Wideband RFI Monitor Requirements, Design, and Commissioning at DRAO
Nicholas Bruce, Charl Baard, Stephen Harrison, Mohammad Islam, Abraham J. Otto, Dustin Lagoy, Robert Messing, Benoit Robert, Timothy Robishaw, Peter F. Driessen

TL;DR
This paper details the design, deployment, and commissioning of a wideband radio frequency interference monitor at DRAO, capable of high-resolution transient detection and long-term environment characterization.
Contribution
It introduces a novel RFI monitor with enhanced calibration, stability, and applications, including a new method to assess gain drift effects on data integration.
Findings
The monitor supports 2 GHz bandwidth with ~100 Hz channel resolution.
It operates as both a transient detector and environment characterization tool.

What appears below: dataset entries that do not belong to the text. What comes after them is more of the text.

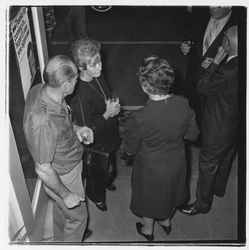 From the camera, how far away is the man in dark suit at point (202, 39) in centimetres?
298

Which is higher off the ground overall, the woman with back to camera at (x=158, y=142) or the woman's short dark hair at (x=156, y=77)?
the woman's short dark hair at (x=156, y=77)

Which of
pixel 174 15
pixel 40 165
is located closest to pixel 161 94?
pixel 40 165

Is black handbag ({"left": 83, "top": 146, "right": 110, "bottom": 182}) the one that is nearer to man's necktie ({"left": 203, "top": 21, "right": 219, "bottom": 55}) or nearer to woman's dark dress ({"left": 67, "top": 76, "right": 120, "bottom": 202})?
woman's dark dress ({"left": 67, "top": 76, "right": 120, "bottom": 202})

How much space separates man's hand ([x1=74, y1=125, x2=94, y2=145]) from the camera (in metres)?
2.51

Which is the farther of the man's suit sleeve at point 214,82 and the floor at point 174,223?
the floor at point 174,223

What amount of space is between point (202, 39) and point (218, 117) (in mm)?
952

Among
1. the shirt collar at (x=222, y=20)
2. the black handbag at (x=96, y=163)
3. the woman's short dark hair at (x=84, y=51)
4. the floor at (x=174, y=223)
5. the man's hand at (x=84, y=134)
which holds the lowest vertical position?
the floor at (x=174, y=223)

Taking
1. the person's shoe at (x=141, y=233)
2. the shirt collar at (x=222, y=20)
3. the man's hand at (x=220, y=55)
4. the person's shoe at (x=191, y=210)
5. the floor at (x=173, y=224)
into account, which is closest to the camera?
the man's hand at (x=220, y=55)

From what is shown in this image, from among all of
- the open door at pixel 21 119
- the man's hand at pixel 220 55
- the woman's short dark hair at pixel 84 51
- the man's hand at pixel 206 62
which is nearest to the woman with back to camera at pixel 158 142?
the woman's short dark hair at pixel 84 51

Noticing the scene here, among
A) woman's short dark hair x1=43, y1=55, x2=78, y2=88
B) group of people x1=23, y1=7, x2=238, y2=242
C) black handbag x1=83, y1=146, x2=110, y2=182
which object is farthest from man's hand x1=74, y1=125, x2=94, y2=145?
woman's short dark hair x1=43, y1=55, x2=78, y2=88

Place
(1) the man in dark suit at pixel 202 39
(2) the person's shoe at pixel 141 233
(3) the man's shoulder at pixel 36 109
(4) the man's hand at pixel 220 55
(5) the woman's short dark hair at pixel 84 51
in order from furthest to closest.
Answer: (2) the person's shoe at pixel 141 233 < (1) the man in dark suit at pixel 202 39 < (4) the man's hand at pixel 220 55 < (5) the woman's short dark hair at pixel 84 51 < (3) the man's shoulder at pixel 36 109

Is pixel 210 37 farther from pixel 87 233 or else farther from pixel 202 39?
pixel 87 233

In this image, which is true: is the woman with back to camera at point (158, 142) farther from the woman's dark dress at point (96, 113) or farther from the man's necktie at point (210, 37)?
the man's necktie at point (210, 37)

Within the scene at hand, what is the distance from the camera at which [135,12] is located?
807 centimetres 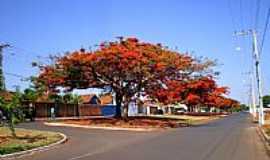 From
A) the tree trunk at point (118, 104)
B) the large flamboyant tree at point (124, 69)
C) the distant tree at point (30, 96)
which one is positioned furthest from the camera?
the tree trunk at point (118, 104)

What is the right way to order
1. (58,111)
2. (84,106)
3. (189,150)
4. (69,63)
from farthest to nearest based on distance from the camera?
(84,106), (58,111), (69,63), (189,150)

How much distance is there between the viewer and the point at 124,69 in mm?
39812

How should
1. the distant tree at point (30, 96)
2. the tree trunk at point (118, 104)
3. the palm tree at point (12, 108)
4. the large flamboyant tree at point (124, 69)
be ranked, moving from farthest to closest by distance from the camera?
the tree trunk at point (118, 104) < the large flamboyant tree at point (124, 69) < the distant tree at point (30, 96) < the palm tree at point (12, 108)

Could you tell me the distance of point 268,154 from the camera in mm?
17078

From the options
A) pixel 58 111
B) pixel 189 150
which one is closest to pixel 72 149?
pixel 189 150

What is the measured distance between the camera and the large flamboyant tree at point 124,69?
3922 centimetres

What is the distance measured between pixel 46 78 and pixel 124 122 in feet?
28.1

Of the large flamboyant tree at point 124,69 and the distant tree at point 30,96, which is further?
the large flamboyant tree at point 124,69

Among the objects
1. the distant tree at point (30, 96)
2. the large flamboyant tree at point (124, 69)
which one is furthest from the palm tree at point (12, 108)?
the large flamboyant tree at point (124, 69)

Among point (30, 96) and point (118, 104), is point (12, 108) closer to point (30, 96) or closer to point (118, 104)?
point (30, 96)

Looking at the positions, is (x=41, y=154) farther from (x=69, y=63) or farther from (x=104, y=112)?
(x=104, y=112)

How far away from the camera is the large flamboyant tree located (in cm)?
3922

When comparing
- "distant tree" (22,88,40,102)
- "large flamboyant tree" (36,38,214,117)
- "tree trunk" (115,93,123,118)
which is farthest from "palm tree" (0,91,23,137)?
"tree trunk" (115,93,123,118)

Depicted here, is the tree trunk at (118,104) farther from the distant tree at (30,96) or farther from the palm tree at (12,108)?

A new method for calculating gain drift effects was derived.
Abstract
In this paper, we introduce the radio frequency interference monitor deployed at the Dominion Radio Astrophysical Observatory. It provides 2 GHz of instantaneous bandwidth, supporting channel bandwidths as fine as ~100 Hz for 1 s integrations, or integration times as low as ~50 ms for the standard 3.33 kHz channel bandwidth. After operating as a prototype instrument for several years, the monitor was commissioned to improve the calibration method, analog section temperature, and gain stability. It now operates both as a transient detector and as a long-term radio environment characterization tool. We introduce novel applications for the monitor and derive a new method for calculating the effect of gain drift on integrated data.